The story is triggered when Emily — a participant in a program at UCLA for students with special needs — suffers a violent setback. It's a blow to the family. At that point, she's living in her own apartment, professionally supervised, and enjoys the greatest freedom she's ever been allowed. But with Emily in her mid-20s, her backslide is even more frustrating, which is worsened by the fact that Valerie and Tom, both attorneys, were hopeful that their daughter was making some progress toward independence. Rather, she's getting worse as she's getting older, they find.

That realization is not easy for Valerie, as she details in the memoir. She feels her daughter drifting away. She takes Emily on a trip to Ireland that broadens her view of the world, even as Valerie worries it may be disastrously overstimulating. But Valerie — who was told when she gave birth to Emily that her baby girl would never be able to communicate — is determined. And so, it turns out, is Emily. As autism begins to be better understood, the reductive notion that Emily is unintelligent and unreachable is replaced by something more nuanced and humane. According to Valerie, one of Emily's teams of behaviorists begin to treat her as if she's "a horse to be broken" — that is, some kind of feral beast worthy only of Pavlovian training.

Then Emily has a breakthrough.

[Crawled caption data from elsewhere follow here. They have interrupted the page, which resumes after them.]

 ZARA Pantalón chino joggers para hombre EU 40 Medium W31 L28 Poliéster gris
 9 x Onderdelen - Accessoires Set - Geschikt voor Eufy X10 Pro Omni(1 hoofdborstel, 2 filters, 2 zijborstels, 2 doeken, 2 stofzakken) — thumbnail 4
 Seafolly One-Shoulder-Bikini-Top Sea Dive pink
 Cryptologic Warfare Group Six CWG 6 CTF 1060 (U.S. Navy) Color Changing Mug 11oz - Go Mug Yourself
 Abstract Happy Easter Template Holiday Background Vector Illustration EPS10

As poignant as it is, it's not unforeseen. But in the telling of this sea change, Valerie makes a brave formal choice: She cedes the text to Emily. Poems, memories, letters, and fragments of impression start to flow from Emily's iPad. Her grammar is impeccable. Her writing is richly metaphorical. As it turns out, she's not just a writer; she's a stylist. Here the narrative takes on a powerful transformation. Emily ceases being a subject of the story and instead starts relaying her own version of it. After her inner life has been caged for so long, her agency at last unfurls and flourishes. In one particularly moving passage, she describes her grandmother, Valerie's mom, who has begun to develop dementia. Emily's poetic portrait of mental deterioration — as viewed through her lens of autism — sums up her family as well as her own existence in a profound, cyclical way. It's subtle. It's haunting. And its tears are more than earned.

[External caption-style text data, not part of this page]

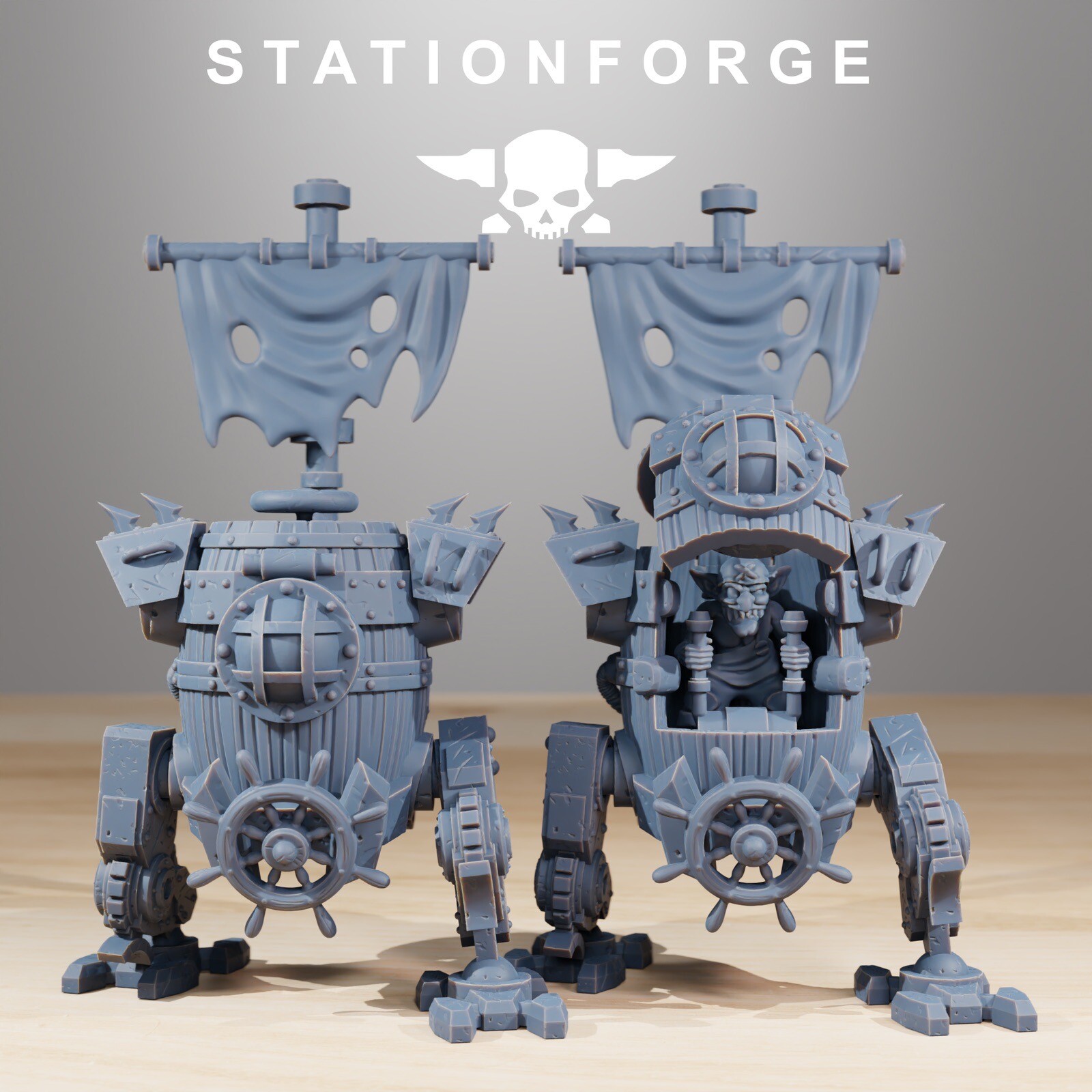 Orc Gob Pirate Bots, Gobboz, Killer Division, Stationforge (without Crew) x4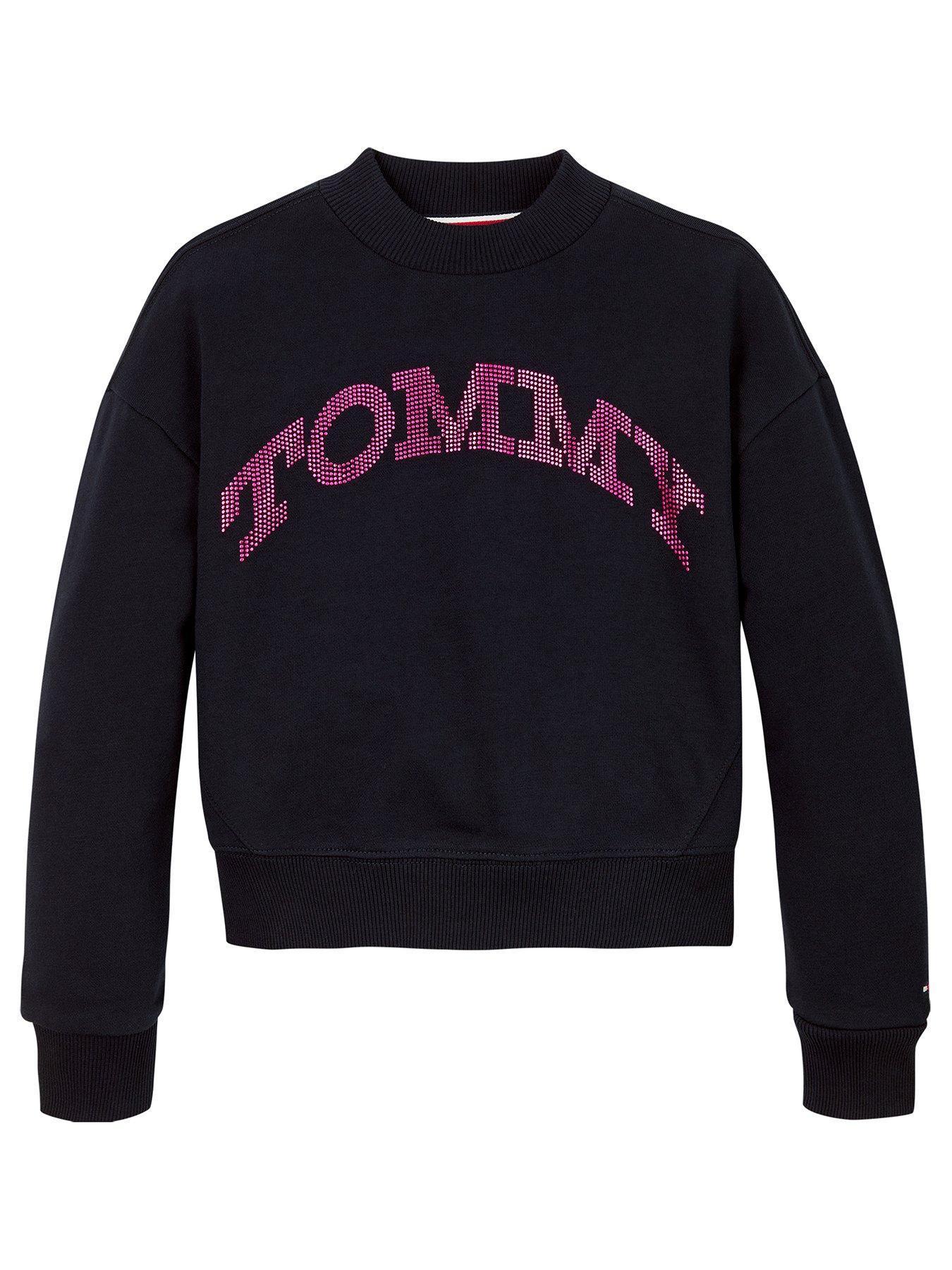 tommy-hilfiger-girls-tommy-dot-foil-crew-neck-sweatshirt-navy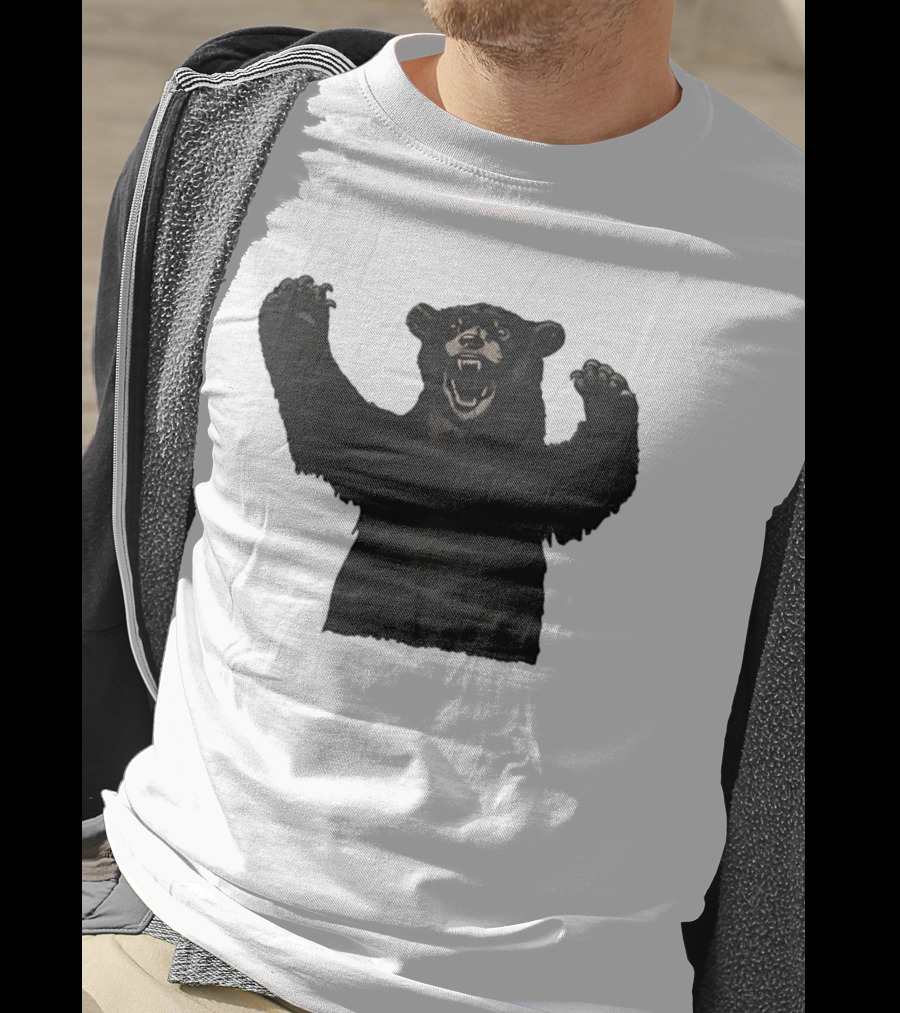 Bear Schmidt Fierce Roaring Black Bear Iconic Expression T-Shirt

"Could our dream actually come to pass, that Emily might finally be able to tell us about her life?" Valerie asks early on in the book. The answer is no spoiler: Yes, she does. But the struggles and triumphs that mother and daughter undergo is far more than a rote hero's journey. Valerie has no idea what Emiliy's mind is going to contain once she is able to communicate with the world outside: Will it be full of love? Full of hate? Full of chaos? Or worst of all... full of nothing? The answer isn't as simple as any of these possibilities, in the same way that no individual can be dismissed with a label or a diagnosis. Ultimately, their story is a tender look at how language allows us to unlock our souls. It's that universal. Heartbreaking and uplifting in equal measure, I Have Been Buried Under Years of Dust is a chronicle of not only finding one's voice, but of learning to make others understand that voice — a whisper to a scream in reverse.